With only eight days to go until Selection Sunday, speculation ranges from who will make the NCAA Tournament field all the way to who will be the No. 1 regional seeds.
Seeding the teams and placing them in the four regions could be just as difficult as selecting the 64-team field. Teams will jockey for position during the next week.
Arkansas, Duke, Michigan and Connecticut appear to be the top four seeds. But where will the NCAA Division I Men's Basketball Committee put them? And what about Missouri, which has lost only two games?
Arkansas' region of the country is technically the Southeast, but the Razorbacks would love to be put in the Midwest, where they could play first-round games in Oklahoma City and then _ if they make it to the Sweet 16 _ play at Dallas' Reunion Arena. Both locations would be more accessible for Arkansas fans than would, say, St. Petersburg.
Then there is Duke. The Blue Devils should get the No.
1 seeding in the East unless they lose today to North Carolina and get knocked off early in the ACC Tournament. But what about Connecticut? The Huskies also deserve a No.
1, probably in the East. One of those teams likely will be shipped out West to be a No.
That leaves the Southeast and Michigan or Missouri. The Wolverines, despite losing to Wisconsin this week, should be a No. 1 seed if they are the undisputed Big Ten champions. But don't expect the Wolverines to come to St. Petersburg's ThunderDome. They likely will go to Rupp Arena, in Lexington, Ky., because it is closer to home. If that scenario holds true, the Dome will get a No. 2 seed (North Carolina? Missouri? Kentucky? Arizona?).
If any of those top-seed candidates slips in the next week, Missouri could become a No. 1 _ if the Tigers are not one already. They are about to win the Big Eight without a conference loss.
Although being a No. 1 seed is important, it in no way guarantees an easy path to a national title. Since the NCAA Tournament expanded to 64 teams in 1985, no No. 1 regional seed has lost a first-round game and 27 of 36 have made it to the quarterfinals. But only four of the 36 No. 1 seeds have won the national title.
The East: When Boston College defeated St. John's 95-76 last week, it gave the Eagles their first 20-win season since 1984-85. That also was the last time they went to the NCAA Tournament. This year's senior class went 1-15 in the Big East as freshmen. "We've got 20 wins, but we're not taking anything for granted," center Bill Curley said. "We want to beat Providence today, and we want to win the Big East so they have to take us."

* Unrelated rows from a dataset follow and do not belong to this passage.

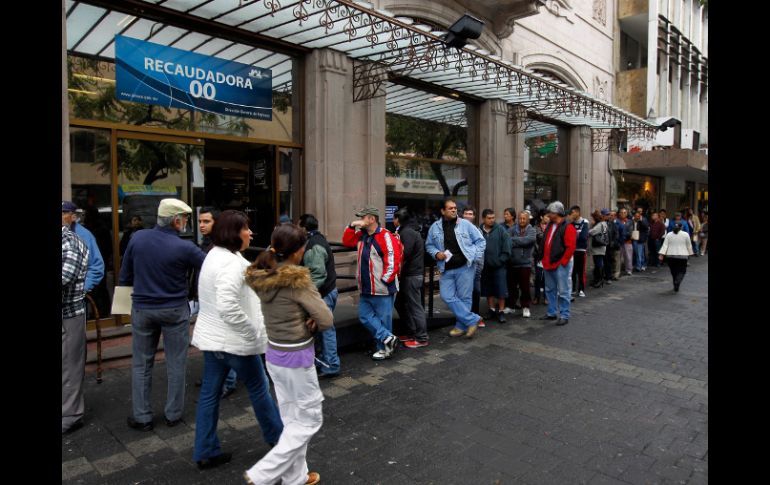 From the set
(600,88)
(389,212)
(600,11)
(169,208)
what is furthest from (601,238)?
(600,11)

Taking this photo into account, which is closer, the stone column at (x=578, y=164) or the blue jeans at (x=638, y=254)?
the blue jeans at (x=638, y=254)

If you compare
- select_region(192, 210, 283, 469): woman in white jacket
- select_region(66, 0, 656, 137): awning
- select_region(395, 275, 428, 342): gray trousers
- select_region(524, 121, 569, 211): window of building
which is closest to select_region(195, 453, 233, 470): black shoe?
select_region(192, 210, 283, 469): woman in white jacket

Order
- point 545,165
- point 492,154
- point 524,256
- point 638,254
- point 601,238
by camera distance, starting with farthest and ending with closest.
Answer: point 545,165
point 638,254
point 492,154
point 601,238
point 524,256

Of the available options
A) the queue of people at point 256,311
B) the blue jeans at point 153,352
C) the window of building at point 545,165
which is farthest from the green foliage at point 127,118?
the window of building at point 545,165

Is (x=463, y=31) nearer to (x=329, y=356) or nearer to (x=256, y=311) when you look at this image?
(x=329, y=356)

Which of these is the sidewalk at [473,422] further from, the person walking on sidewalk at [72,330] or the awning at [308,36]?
the awning at [308,36]

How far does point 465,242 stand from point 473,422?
3.20 meters

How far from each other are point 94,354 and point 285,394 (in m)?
3.81

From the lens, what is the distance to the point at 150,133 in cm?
717

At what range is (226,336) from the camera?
334cm

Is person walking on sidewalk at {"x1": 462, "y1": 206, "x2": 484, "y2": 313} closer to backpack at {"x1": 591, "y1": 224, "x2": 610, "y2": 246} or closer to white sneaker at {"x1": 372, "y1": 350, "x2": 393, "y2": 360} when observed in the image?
white sneaker at {"x1": 372, "y1": 350, "x2": 393, "y2": 360}

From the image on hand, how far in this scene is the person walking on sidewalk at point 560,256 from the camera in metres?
7.83

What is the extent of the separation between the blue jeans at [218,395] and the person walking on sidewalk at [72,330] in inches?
52.9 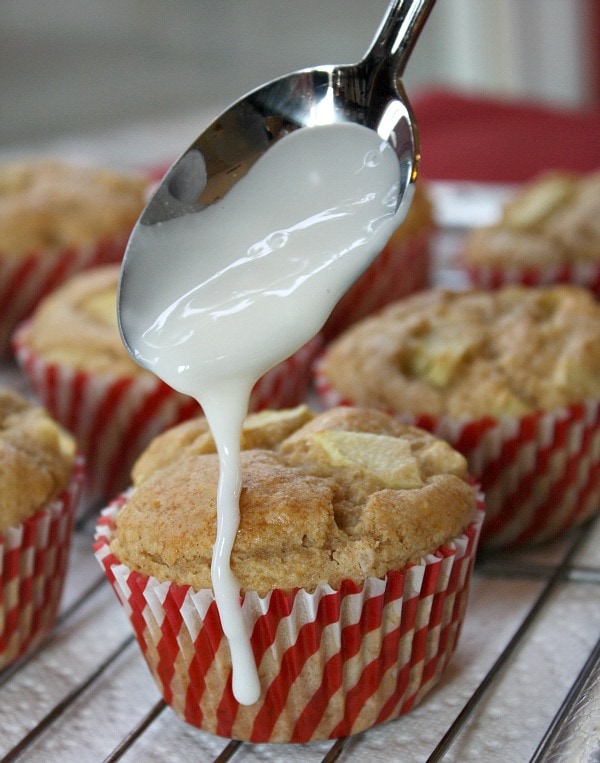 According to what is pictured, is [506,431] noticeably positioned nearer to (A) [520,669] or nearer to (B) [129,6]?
(A) [520,669]

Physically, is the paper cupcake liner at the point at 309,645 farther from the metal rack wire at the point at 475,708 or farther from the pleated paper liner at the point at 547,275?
the pleated paper liner at the point at 547,275

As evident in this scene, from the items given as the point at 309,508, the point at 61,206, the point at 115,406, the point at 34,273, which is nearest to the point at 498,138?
the point at 61,206

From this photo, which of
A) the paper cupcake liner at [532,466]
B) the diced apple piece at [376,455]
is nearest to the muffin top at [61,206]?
the paper cupcake liner at [532,466]

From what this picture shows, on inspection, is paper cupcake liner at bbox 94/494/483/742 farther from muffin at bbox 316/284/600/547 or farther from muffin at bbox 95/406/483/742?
muffin at bbox 316/284/600/547

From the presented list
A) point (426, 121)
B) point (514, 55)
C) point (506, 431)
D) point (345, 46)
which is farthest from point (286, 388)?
point (345, 46)

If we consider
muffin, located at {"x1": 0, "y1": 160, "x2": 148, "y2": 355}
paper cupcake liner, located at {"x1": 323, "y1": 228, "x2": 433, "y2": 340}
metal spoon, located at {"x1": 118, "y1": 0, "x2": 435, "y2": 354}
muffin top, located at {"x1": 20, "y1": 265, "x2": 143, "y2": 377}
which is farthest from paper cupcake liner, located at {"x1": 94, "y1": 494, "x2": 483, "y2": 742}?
muffin, located at {"x1": 0, "y1": 160, "x2": 148, "y2": 355}

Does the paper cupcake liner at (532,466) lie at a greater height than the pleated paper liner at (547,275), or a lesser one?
lesser

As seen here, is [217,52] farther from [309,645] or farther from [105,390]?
[309,645] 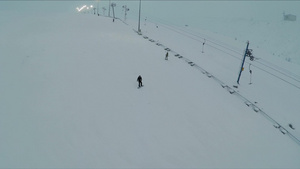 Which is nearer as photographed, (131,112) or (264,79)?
(131,112)

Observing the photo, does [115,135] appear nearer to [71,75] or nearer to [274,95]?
[71,75]

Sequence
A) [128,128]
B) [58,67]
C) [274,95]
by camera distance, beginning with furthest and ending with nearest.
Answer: [274,95]
[58,67]
[128,128]

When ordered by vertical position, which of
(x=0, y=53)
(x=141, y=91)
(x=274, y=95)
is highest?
(x=0, y=53)

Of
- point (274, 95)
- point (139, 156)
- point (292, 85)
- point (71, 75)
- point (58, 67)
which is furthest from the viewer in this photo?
point (292, 85)

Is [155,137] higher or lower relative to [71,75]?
lower

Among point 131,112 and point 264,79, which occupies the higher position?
point 131,112

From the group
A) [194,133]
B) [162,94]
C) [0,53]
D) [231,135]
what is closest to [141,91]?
[162,94]

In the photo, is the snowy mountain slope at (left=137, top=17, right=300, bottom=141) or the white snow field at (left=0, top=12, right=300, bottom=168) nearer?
the white snow field at (left=0, top=12, right=300, bottom=168)

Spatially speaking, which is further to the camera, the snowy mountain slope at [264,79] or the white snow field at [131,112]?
the snowy mountain slope at [264,79] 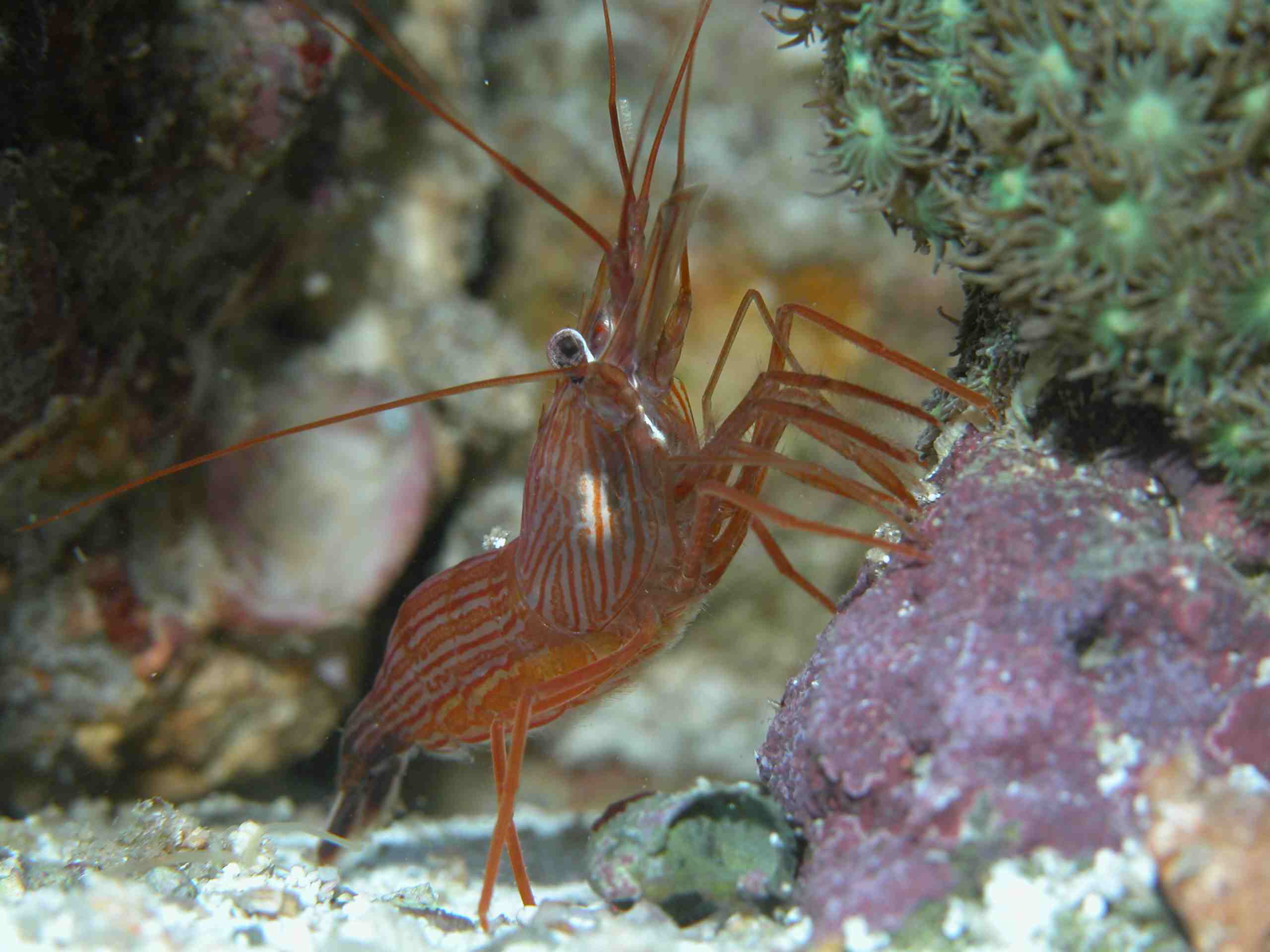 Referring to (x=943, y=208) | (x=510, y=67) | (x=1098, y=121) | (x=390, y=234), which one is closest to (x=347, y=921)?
(x=943, y=208)

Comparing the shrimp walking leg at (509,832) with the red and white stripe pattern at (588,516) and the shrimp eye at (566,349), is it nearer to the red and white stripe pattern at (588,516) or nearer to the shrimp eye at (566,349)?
the red and white stripe pattern at (588,516)

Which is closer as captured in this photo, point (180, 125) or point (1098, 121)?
point (1098, 121)

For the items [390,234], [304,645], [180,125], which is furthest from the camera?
[390,234]

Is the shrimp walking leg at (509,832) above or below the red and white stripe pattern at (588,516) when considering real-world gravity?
below

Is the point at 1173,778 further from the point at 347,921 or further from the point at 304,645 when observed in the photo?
the point at 304,645

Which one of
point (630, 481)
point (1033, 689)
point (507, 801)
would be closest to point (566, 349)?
point (630, 481)

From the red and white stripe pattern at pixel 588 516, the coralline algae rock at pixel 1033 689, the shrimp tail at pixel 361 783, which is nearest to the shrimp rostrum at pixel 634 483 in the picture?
the red and white stripe pattern at pixel 588 516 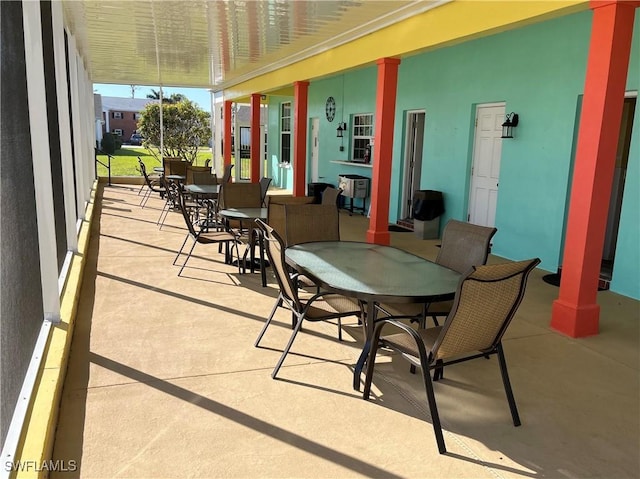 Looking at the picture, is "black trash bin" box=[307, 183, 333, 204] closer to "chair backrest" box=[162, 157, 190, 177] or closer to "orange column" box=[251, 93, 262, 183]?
"orange column" box=[251, 93, 262, 183]

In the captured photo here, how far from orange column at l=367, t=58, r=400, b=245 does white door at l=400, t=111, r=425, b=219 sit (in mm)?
2014

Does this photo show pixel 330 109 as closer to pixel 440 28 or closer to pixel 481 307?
pixel 440 28

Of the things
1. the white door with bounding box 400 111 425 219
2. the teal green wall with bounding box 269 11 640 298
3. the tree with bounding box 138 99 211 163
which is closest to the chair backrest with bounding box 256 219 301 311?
the teal green wall with bounding box 269 11 640 298

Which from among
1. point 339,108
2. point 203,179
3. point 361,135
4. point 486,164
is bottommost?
point 203,179

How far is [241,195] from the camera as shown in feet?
19.9

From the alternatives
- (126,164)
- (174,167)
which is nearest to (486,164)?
(174,167)

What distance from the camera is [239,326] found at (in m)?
3.80

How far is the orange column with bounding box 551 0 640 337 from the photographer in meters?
3.47

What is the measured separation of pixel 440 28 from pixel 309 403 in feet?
12.8

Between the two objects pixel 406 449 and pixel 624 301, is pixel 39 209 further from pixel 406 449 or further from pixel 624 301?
pixel 624 301

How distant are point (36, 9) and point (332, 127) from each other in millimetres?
8263

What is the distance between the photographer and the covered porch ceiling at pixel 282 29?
15.5ft

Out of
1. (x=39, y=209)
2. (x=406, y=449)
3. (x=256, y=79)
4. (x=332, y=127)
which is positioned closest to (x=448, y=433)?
(x=406, y=449)

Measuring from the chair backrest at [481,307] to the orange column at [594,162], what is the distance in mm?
1622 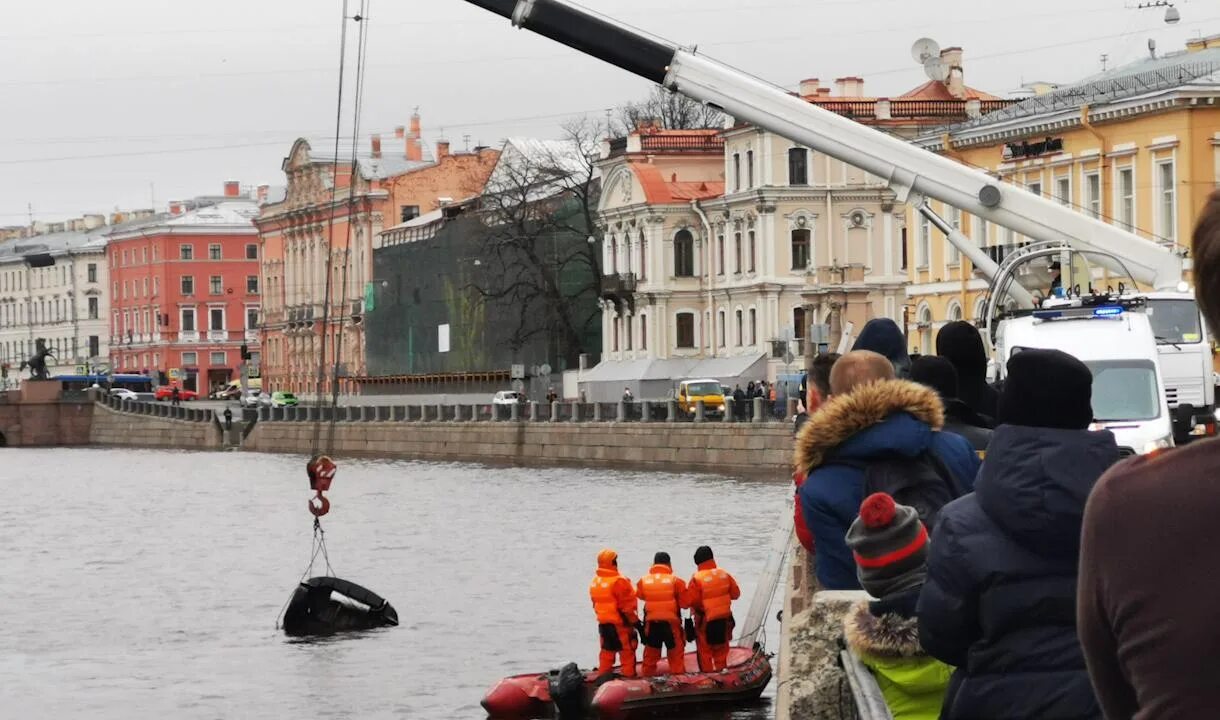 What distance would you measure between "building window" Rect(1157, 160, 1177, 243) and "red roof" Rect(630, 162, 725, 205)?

The Midwest: Ohio State is on its way to its first losing season in 17 years. And for the first time in 13 years, it appears the Buckeyes will not be involved in post-season play. Two years ago, they won their second straight Big Ten title and No. 1 seeding. Before losing to Wisconsin on Wednesday night, Michigan had won nine in a row, its longest winning streak since 1985 _ the last time the Wolverines won the Big Ten.
The Southeast: The coaching rumors are flying. The Providence Journal-Bulletin reported that Providence coach Rick Barnes is a candidate for the job at Clemson, where Cliff Ellis is stepping down after the season. The new coach might not have 6-10 center Sharone Wright, who is frustrated by the double- and triple-teaming he gets. "One minute I think that's it, I can't take it anymore," the junior said. "Then I think I want to get my degree."
The West: The Pac-10 has had a team reach the Sweet 16 in each of the past six seasons. Only the ACC, Big Ten and Big East have longer streaks. It didn't get as much attention as Indiana's 50-point loss to Minnesota, but Colorado lost 106-62 to Kansas. "It's really embarrassing," Colorado's Sande Golgart said. "It's like sitting in a boring class you want to get out of and the clock doesn't move." Colorado has lost 78 of its past 79 Big Eight road games.